Woonsocket officials are telling GoLocalProv that Lombardi’s medical disability record is private and can’t be released. State laws enable officials to refuse to release disability records, but it does not outright bar them from doing so. Working without the benefit of the record, one can only guess, but let’s hope it’s not an all too common condition known as UPCDD: Ultimate Public Compensation Double Dip (disorder).
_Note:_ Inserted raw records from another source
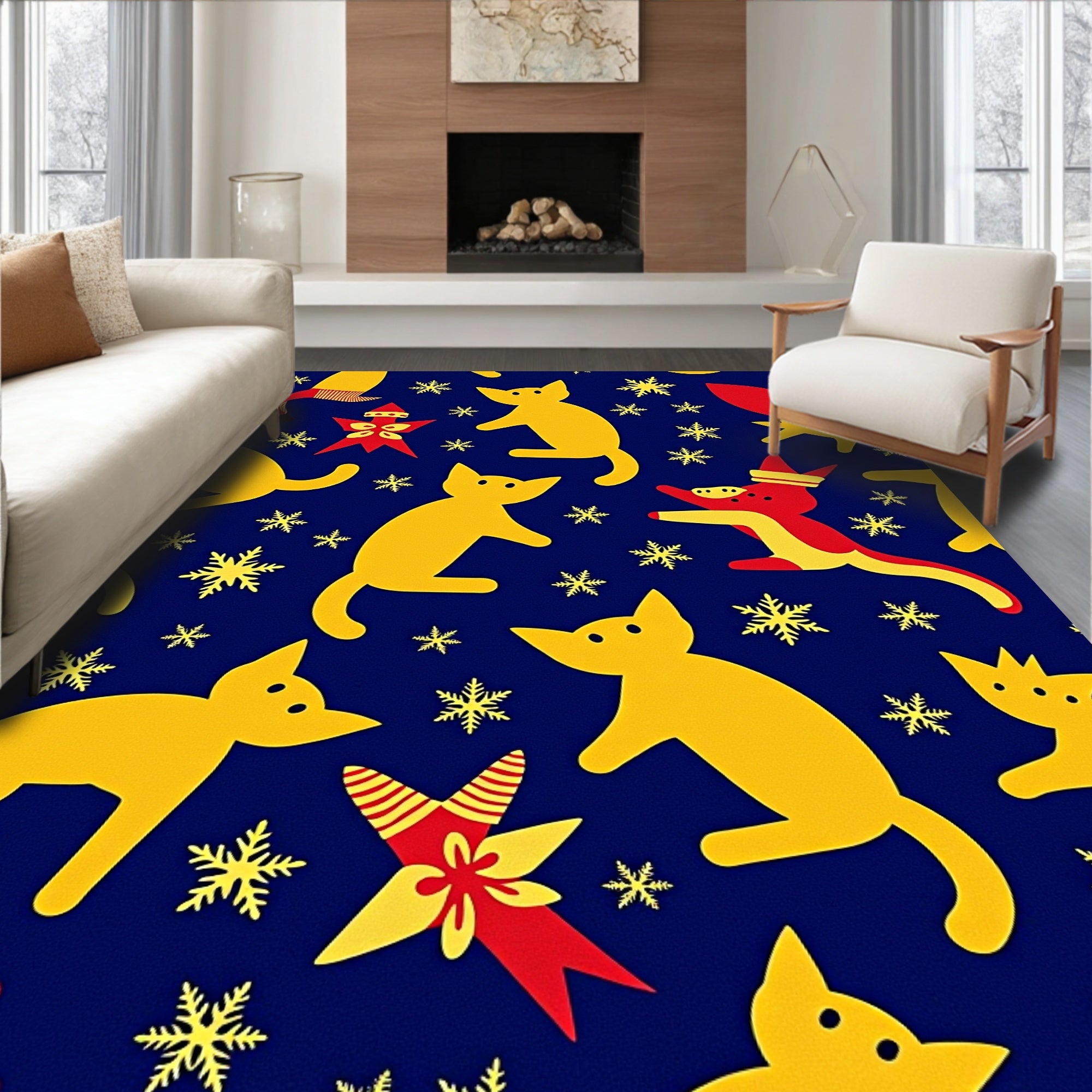 Yellow Cats Snowflakes Red Stars Navy Rug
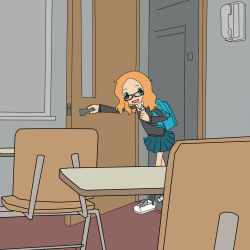 Rule 34 | 1girl, backpack, bag, blonde hair, blue eyes, child, classroom, female focus, freckles, glasses, highres, hotelblue, indoors, madeline (hotelblue), open mouth, original, skirt, solo, sweater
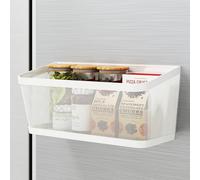 1 Pc Magnetic Spice Rack for Fridge Magnet Hanging Basket Holder for Seasonings Fruit Vegetables Coffee Beans Magnetic Organizer Shelf, Kitchen Refrigerator Organizers and Storage, Metal (1, White)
The Lombardi tale is significant because this added layer of pension obligations has been growing under the radar for far too long. The Legislature’s uneven attempts to confront the state’s pension debt and significant unfunded liability problem have yet to encompass the growing debt of the disability pensions, which largely come from the ranks of police officers and firefighters. Both the state and Woonsocket need to provide some answers about the scope of

Lombardi’s duties and answer how, on the one hand, he is capable of carrying out field work as the fraud investigator (not just a desk job), yet be unable to fulfill any duties with the Woonsocket force and collect a disability pension all these years. Furthermore, the GoLocalProv story also reveals a stunning lack of progress during Lombardi’s tenure on the job, producing only about a dozen cases of alleged disability claims fraud over two decades, none resulting in a prosecution. Where is the accountability for the taxpayer on a dismal performance record like that?!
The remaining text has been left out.